== MATERIAL PROVIDED ==

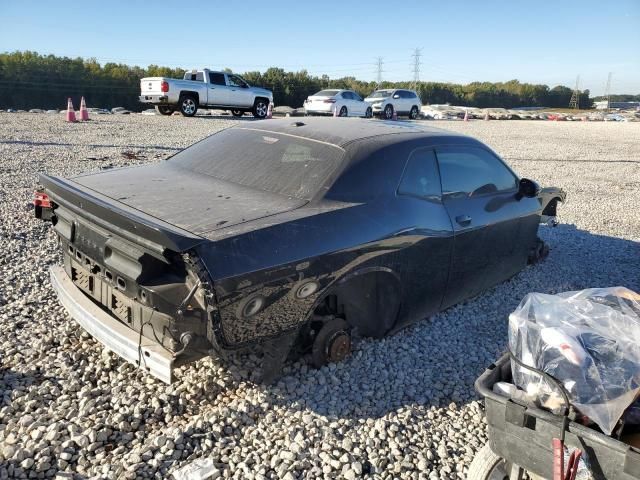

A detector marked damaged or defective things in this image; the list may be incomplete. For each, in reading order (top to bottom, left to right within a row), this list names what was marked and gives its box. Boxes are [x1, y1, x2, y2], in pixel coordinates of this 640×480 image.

damaged rear bumper [49, 266, 175, 382]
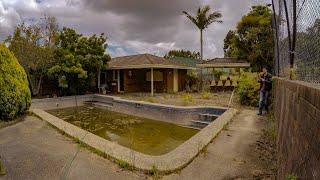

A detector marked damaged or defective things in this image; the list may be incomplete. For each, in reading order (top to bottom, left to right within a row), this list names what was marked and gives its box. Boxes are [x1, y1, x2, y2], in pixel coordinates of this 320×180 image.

cracked concrete path [0, 116, 146, 180]
cracked concrete path [162, 109, 264, 179]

===

EXERCISE
Write out the lines above exactly, but only from the one containing "this 320×180 image." through the last one.

ANSWER SPACE
A detector marked damaged or defective things in this image; the list may be incomplete. For each, in reading order (top to bottom, left to right within a row), this list names what was marked and gives its box. Boxes are [x1, y1, x2, y2], in pixel coordinates of this 320×180 image.

cracked concrete path [0, 116, 146, 180]
cracked concrete path [162, 109, 264, 179]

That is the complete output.